Shop till you drop at Night Bazaar
There’s no question about where to spend an evening in Chiang Mai. Head out to the Night Bazaar – the centre of the city’s nightlife. Huge market area is filled with food courts, restaurants, bars, and of course – rows and rows of stalls. It’s a perfect place to buy presents for everyone back home and some cool souvenir for yourself. Check out bags and clothes made of traditional northern tribal fabrics. If you are interested in art – check out stalls owned by independent artists. And don’t forget to bargain to get the best deals.
Cycle in the old town
If you want to fit in a lot of sightseeing during your stay in Chiang Mai – rent a bicycle. This way you will be able to see most of city’s temples, markets and museums. You will be provided with a lock when you get the bicycle, so you will be able to park it everywhere safely. When exploring the town don’t miss Wat Ket Karam on the eastern bank of Ping River. It’s one of the oldest and most unusual temples in Chiang Mai. The temple architecture is a mix of traditional tribal houses with a bit of Chinese influence.
Be blinded by all the glitter at a Ladyboy Cabaret show
Thailand’s entertainment industry is famous all over the world. One of the best and most professional Ladyboy Cabarets can be found in Chiang Mai hiding in the heart of Anusan market. After dining and shopping at the Night Bazaar head out to the Cabaret for an excellent performance and a drink. You will be amazed (and amused) by bright costumes and perfectly rehearsed dance moves. Extra points for singing along!
How’s the food?
Like everywhere in Thailand food in Chiang Mai is excellent. City’s cafes and restaurants offer a great mix of Central and Northern Thai cuisines. Don’t miss Chiang Mai speciality – Khao Soi – spicy thick chicken curry with two types of egg noodles. Or head out to one of the city’s markets to taste spicy buffalo sausage with sticky rice and green chilli dip. If you fancy to spend an afternoon eating delicious food and enjoying the view, try one of the riverside restaurants. All of them have huge menus that can satisfy even the pickiest eaters.
How’s the accommodation?
Being one of the major tourist centres of Thailand, Chiang Mai has all types of accommodation: from budget guesthouses and small hotels to 5 star international hotel chains and resorts. For those who like comfortable and cozy accommodation, the city can offer a huge variety of boutique hotels.
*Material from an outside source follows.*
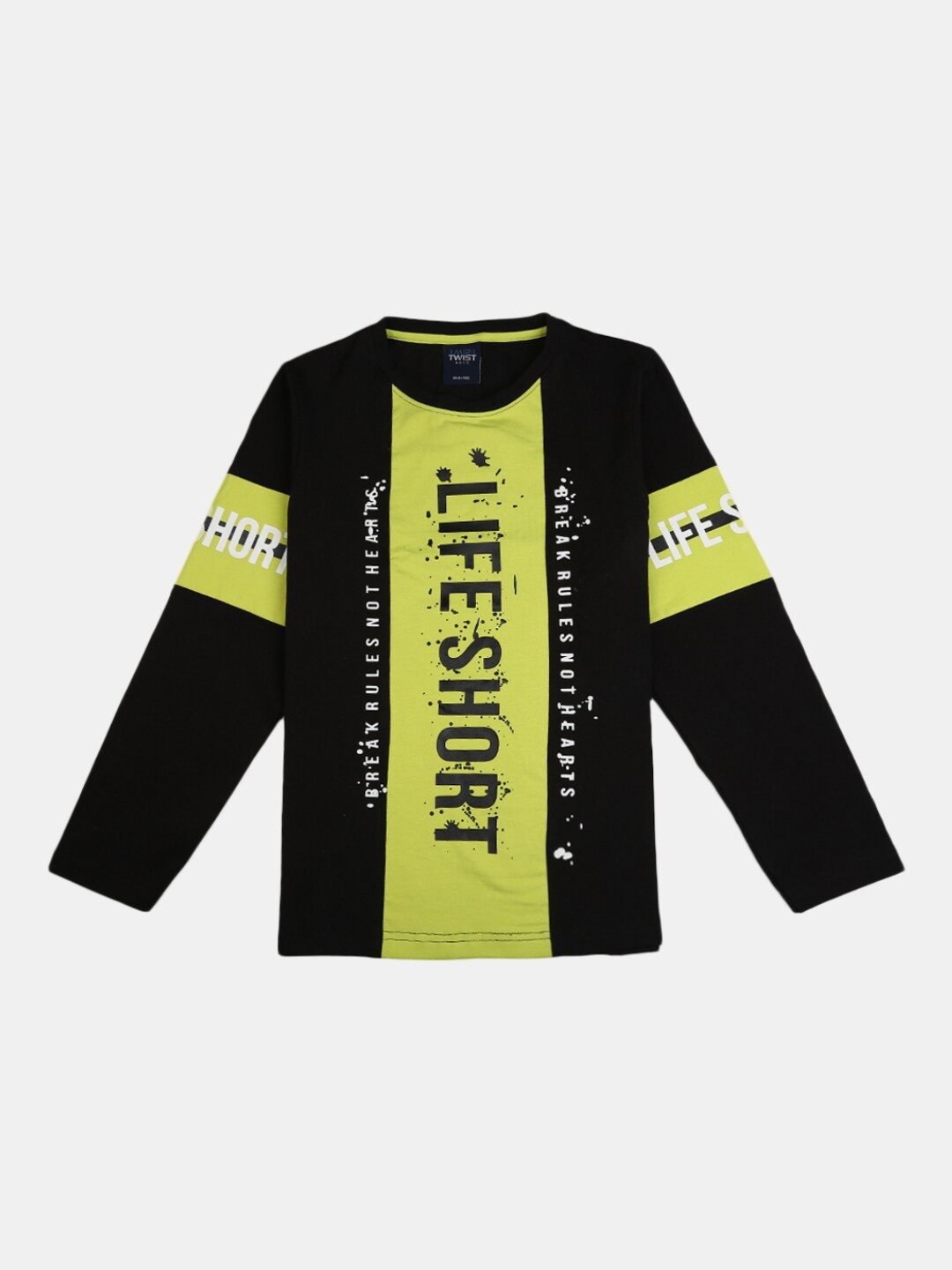 

V-Mart Boys Black Typography Printed T-shirt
One of the best ways to get around Chiang Mai is a songtaew – shared taxi. Long red cars can be seen everywhere. Just flag one and tell the driver where you want to go. If there are other passengers in the car already and they head in the same direction, you’ll be invited to join. Songtaew is also one of the cheapest ways to get around: set price per person is only 20 THB everywhere in town.
Is Chiang Mai for you?
Everyone will find something to do in Chiang Mai. Families with kids, adrenalin junkies, honeymooners, independent travellers, shoppers, foodies and photographers, history buffs, art and culture lovers – whatever is the main focus of your travel, you will find some exciting activities there.
The best time to go to Chiang Mai
Chiang Mai weather is good all year around. Because it’s surrounded by mountains in winter months (end of November – mid-January) the temperature might drop to 8 degrees Celsius at night. During the day, though, it stays at pleasant 20 degrees. Thai New Year in mid-April is the hottest time in Chiang Mai, when the temperature goes up to 37 degrees Celsius. Rainy season lasts for roughly 5 months from mid-June until mid-October. Like everywhere in Thailand monsoon weather is warm, and it rains for only a couple of hours a day.